We then questioned whether the structural differences within the α subunit in the complexes with αReps extend to the overall conformation of tubulin. In both complexes, tubulin is in a curved conformation. We calculated angles between the α and β subunits ranging from 10.7° to 12° for the three molecules of the asymmetric unit in the complex with iiH5. In the case of tubulin-iE5, the angle is slightly larger (about 18°), being in the upper range of values found in crystal structures of tubulin (Figure 5E, Table 3). Therefore, whereas tubulin has a straight conformation in the microtubule core (Nogales et al., 1999, Zhang et al., 2015) and adopts intermediate shapes at microtubule ends (Atherton et al., 2017, Chrétien et al., 1999, Guesdon et al., 2016), the structural results presented here agree with the general view that tubulin is curved when disassembled (Gigant et al., 2000, Melki et al., 1989), with a curvature angle that is at least about 10° (Table 3). Interestingly, although the α subunit in tubulin-iE5 is in a conformation intermediate between that seen in tubulin-iiH5 and the microtubular ones, this complex displays the largest tubulin curvature. This observation suggests that, outside the microtubule context, conformational changes within the subunits are uncorrelated to the variation of the αβ-tubulin curvature.

Table 3

Angle between the α and β Subunits in a Subset of Tubulin Structures

	Angle Valuea	PDB id
Microtubule	1.1°	3JAK
Tubulin–kinesin–DARPin	9.2°	4HNA
Tubulin–SLD–TTL	10.5°	4I4T
Tubulin–SLD	10.6°	3RYC
Tubulin–SLD–DARPin	10.6°	4F6R
Tubulin–iiH5b	11.2°	6GWDc
Tubulin–kinesin–DARPin	11.6°	4LNU
Tubulin–DARPin	11.9°	4DRX
Tubulin–TOG	12.2°	4U3J
Tubulin–TOG	13.5°	4FFB
Tubulin–DARPin	13.5°	5EYP
Tubulin–CPAP–DARPin	14.4°	5ITZ
Tubulin–kinesin–DARPin	14.7°	5MIO
Tubulin–iE5	18.2°	6GWCc

Obtained by superposing the secondary structural elements of the N-terminal domain of α-tubulin to those of β-tubulin, as defined in Figure S1.

Average value for the three molecules of the asymmetric unit.

This work.

Conclusion

In this work, we have selected α-tubulin-specific αReps. These binders prevent tubulin self-association by targeting a surface that is involved in longitudinal interactions in tubulin assemblies, with different implications for the two microtubule ends (Figure 4). Their binding mode is reminiscent of that of the N-terminal β-hairpin of SLDs (Clément et al., 2005, Wang et al., 2012), which also interacts with this tubulin surface (Ravelli et al., 2004).

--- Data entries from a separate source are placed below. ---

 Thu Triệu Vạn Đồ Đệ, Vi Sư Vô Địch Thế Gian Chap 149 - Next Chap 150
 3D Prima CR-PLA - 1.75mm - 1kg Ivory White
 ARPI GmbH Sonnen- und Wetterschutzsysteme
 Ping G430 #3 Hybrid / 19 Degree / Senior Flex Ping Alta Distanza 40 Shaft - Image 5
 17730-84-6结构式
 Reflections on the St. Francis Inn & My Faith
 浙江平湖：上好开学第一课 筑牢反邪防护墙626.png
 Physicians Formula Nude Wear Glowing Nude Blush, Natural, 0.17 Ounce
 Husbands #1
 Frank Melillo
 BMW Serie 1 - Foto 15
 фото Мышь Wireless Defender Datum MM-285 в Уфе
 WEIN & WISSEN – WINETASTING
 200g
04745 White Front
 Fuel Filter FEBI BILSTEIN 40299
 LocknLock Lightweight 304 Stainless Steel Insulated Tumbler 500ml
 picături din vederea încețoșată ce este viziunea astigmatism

But SLDs stabilize in addition a second tubulin molecule through their C-terminal helix to form a T2SLD complex (Gigant et al., 2000). Different from this case, the binding site of iE5 and iiH5 αReps is restricted to the α-tubulin longitudinal surface. Therefore, when bound to tubulin, they leave the surface that corresponds to the exterior of the microtubule accessible (Nogales et al., 1999). We anticipate that these α-tubulin-specific αReps will be useful for mechanistic and structural studies of microtubule dynamics and of tubulin:MAPs interactions, and complementary to DARPins that target the β subunit (Pecqueur et al., 2012).

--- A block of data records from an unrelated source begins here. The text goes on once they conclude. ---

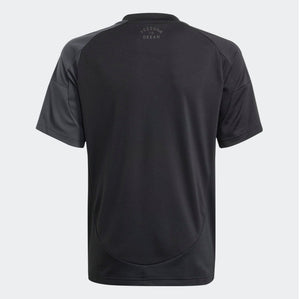 Youth Inter Miami 2025/26 Away Jersey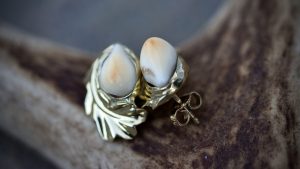 grandelschmuck-ohrschmuck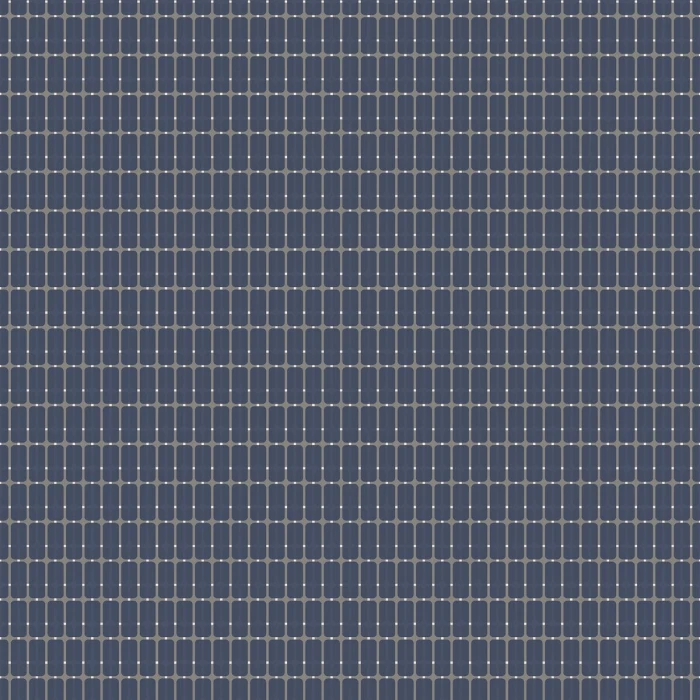 5ca5aa5b02dd9f3c565a6bde5259b871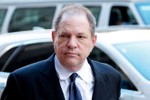 Harvey Weinstein lên tiếng về hành vi cưỡng hiếp tình dục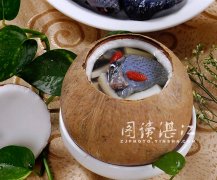 山羊养殖技术.黑山羊养殖技术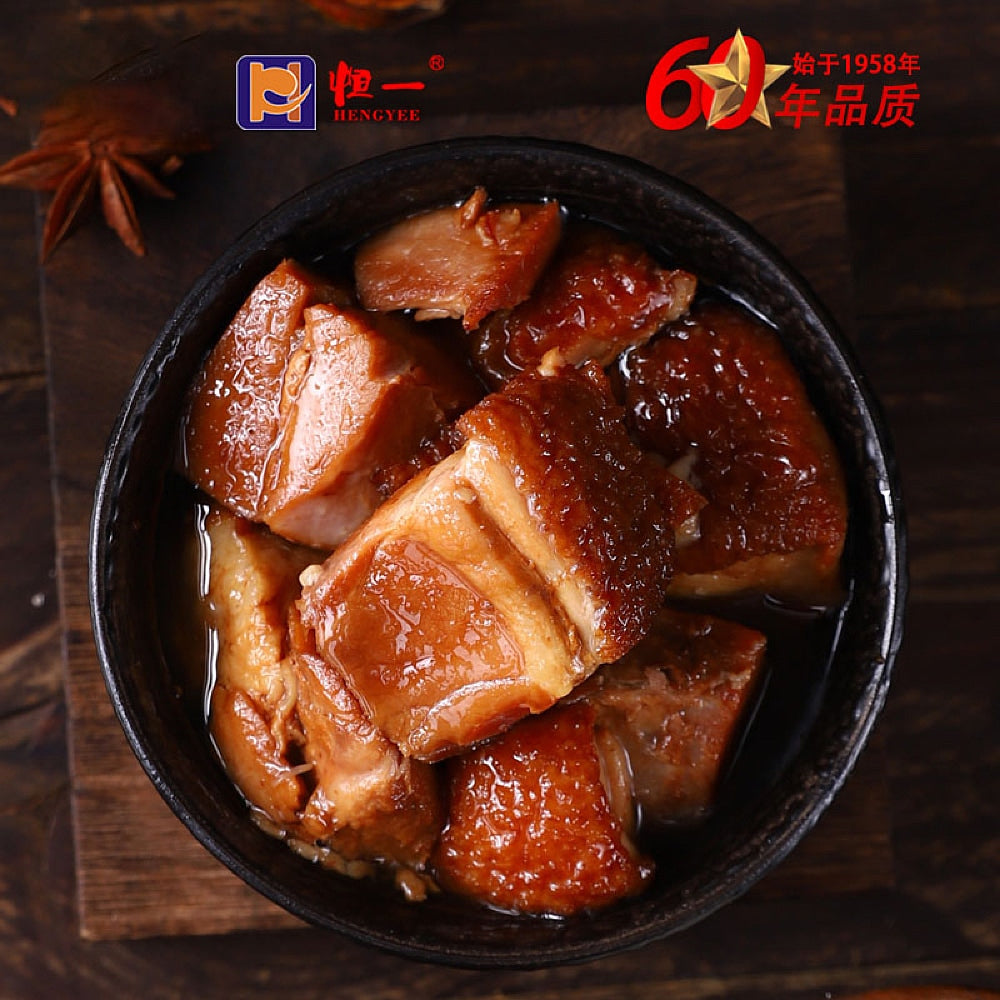 Hengyee-Braised-Pork---397g-1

Finally, our results enlighten the plasticity of the tubulin subunits. Interestingly, in microtubules, the α subunit undergoes the most substantial structural variations associated with GTP hydrolysis (Manka and Moores, 2018, Zhang et al., 2015, Zhang et al., 2018). Our data indicate that a conformational change of α-tubulin toward the microtubule structure may be initiated outside the microtubule context. However, the full microtubular conformation has been seen only in microtubules and related assemblies (Löwe et al., 2001, Zhang et al., 2015) and remains to be captured in soluble tubulin complexes.

STAR★Methods

Key Resources Table

Contact for Reagent and Resource Sharing

Further information and requests for resources and reagents should be directed to and will be fulfilled by the Lead Contact, Benoît Gigant (benoit.gigant@i2bc.paris-saclay.fr)

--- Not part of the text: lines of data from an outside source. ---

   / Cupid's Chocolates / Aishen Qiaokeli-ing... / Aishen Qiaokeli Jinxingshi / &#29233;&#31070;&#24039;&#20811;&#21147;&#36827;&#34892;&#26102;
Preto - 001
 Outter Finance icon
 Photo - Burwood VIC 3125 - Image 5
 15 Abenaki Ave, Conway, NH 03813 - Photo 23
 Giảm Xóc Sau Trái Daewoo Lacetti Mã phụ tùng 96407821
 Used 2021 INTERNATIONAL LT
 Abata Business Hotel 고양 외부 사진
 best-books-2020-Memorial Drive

Experimental Model and Subject Details

Rep Library

Anti-tubulin αReps were selected from the 2.1 optimized αRep library (Guellouz et al., 2013).

Bacteria Strains

XL1-Blue, Bl21(DE3) and Bl21(DE3)STAR cells were cultured in 2YT medium in the presence of appropriate antibiotics.

Method Details

Rep Selection

αRep selection was performed by phage display essentially following published procedures (Guellouz et al., 2013). To immobilize tubulin, the gene coding for the high-affinity tubulin-binding DARPin A-C2 (Ahmad et al., 2016) was modified to introduce an AviTag biotinylation coding sequence at the C-terminal end of the protein. Modified A-C2 was expressed in E. coli Bl21(DE3)STAR co-transformed with the pBirAcm plasmid (Avidity, LLC, USA) for in vivo biotinylation and purified as described for non-biotinylated A-C2 (Ahmad et al., 2016). Tubulin was trapped through its interaction with biotinylated A-C2 that was immobilized on a streptavidin-coated plate (Figure 1A). After each round of selection, bound phages eluted either in acidic conditions or more specifically by adding DARPin or tubulin were amplified in XL1-Blue cells and used for the following selection round. After 3 rounds, individual clones were screened for tubulin binding by phage-ELISA (Guellouz et al., 2013).

Protein Purification

αRep genes were subcloned in pQE-81L plasmid (Qiagen) for expression in E. coli Bl21(DE3) in 2YT medium at 37°C. After sonication of the bacteria suspension, αReps were purified from the soluble fraction by Ni2+-affinity chromatography (Histrap HP, GE Healthcare) followed by gel filtration (Superdex 75 16/60 HL, GE Healthcare) in 20 mM Pipes-K, pH 6.8, 1 mM MgCl2, 0.5 mM EGTA and 150 mM KCl. In the case of iiH5, the storage buffer contained 500 mM KCl. The (iiH5)2 tandem repeat αRep (Figure S2; Campanacci et al, submitted) was produced and purified as iiH5. The concentration of αReps was estimated by UV spectrophotometry using theoretical extinction coefficients at 280 nm (Gasteiger et al., 2005). Tubulin was purified by two cycles of assembly in a high-molarity buffer followed by disassembly (Castoldi and Popov, 2003). Sheep brain tubulin was used throughout, except for the TIRFM experiments which were performed with porcine brain tubulin. Before use, an additional cycle of assembly and disassembly was performed to remove inactive protein. To prepare the tubulin–colchicine complex used in Figure S3, colchicine was included in the disassembly buffer (Dorléans et al., 2007). The motor domain of the human kinesin-1 Kif5B (cys-light construct, comprising residues 1 to 349) was produced and purified as described (Cao et al., 2014).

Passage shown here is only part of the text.